By descent in the family.
Doll and Richards, Boston, Massachusetts, 1938.
John Dane, Brookline, Massachusetts, 1938.
By descent to the present owner.
Exhibited
Boston, Massachusetts, Museum of Fine Arts, 1987.
New York, Adelson Galleries, Inc., Sargent Abroad: An Exhibition, November 7-December 13, 1997.

Lot Essay

John Singer Sargent mastered the use of watercolor and his efforts in that medium are some of the most dashing and boldly drawn works in American art. His brushstroke is unfailingly confident, his colors strikingly vibrant, his execution seemingly spontaneous. In Boats, Venice, Sargent has used a bright and broad palette and water-level point of view to depict a grouping of docked sailboats.

In the present work, Sargent takes advantage of the various angles and diagonals provided to him -- by the boats' rigging, masts, booms, hulls, and anchor chains -- to balance his picture. Sargent often chose his architectural and otherwise non-figural subjects based on their compositional possibilities, especially the works he painted of his beloved Venetian canals, where he would use the angles and intersections of buildings' interactions with each other and with the water's surface. The present work is dominated by three main aspects. The first is a line down the center of the work, defined chiefly by the prow of the near boat and its reflection. The other two consist of mirror-image diagonals that intersect at this vertical center line; at the bottom of the work the anchor line meets the seam between two of the hull's boards; at the top a boat's boom on the right cuts a diagonal into another boom, wrapped in a sail, at upper left. The careful composition belies the effortless look of this work, a stunning example of Sargent's bravura work in watercolor.
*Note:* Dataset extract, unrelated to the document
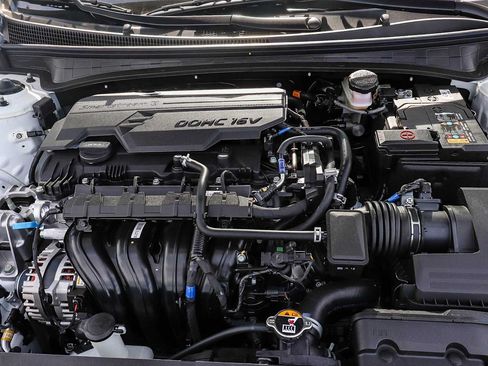 New 2026 Hyundai Elantra Limited FWD image 17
Evan Charteris, Sargent's friend and early biographer, remarked about his watercolor technique: "They have a happy air of impromptu of the artist having come upon a scene at a particular moment and there and then translated it into paint. He set his fact against anything like 'picture-making;' his watercolors are fragmentary-pieces of the visible world broken off because they appealed to his eye. His power is displayed in the supremacy of his drawing, the opulence of his color, the skill of his statement, finite as it often is, and the glowing warmth of his sunlit scenes. And in these he excels, not so much by the subtlety of his omissions as by the harmony of his assertions and his exuberant objectivity." (John Sargent, New York, 1927, p. 224)

This work will be included in the forthcoming John Singer Sargent catalogue raisonné by Richard Ormond and Elaine Kilmurray, in collaboration with Warren Adelson and Elizabeth Oustinoff.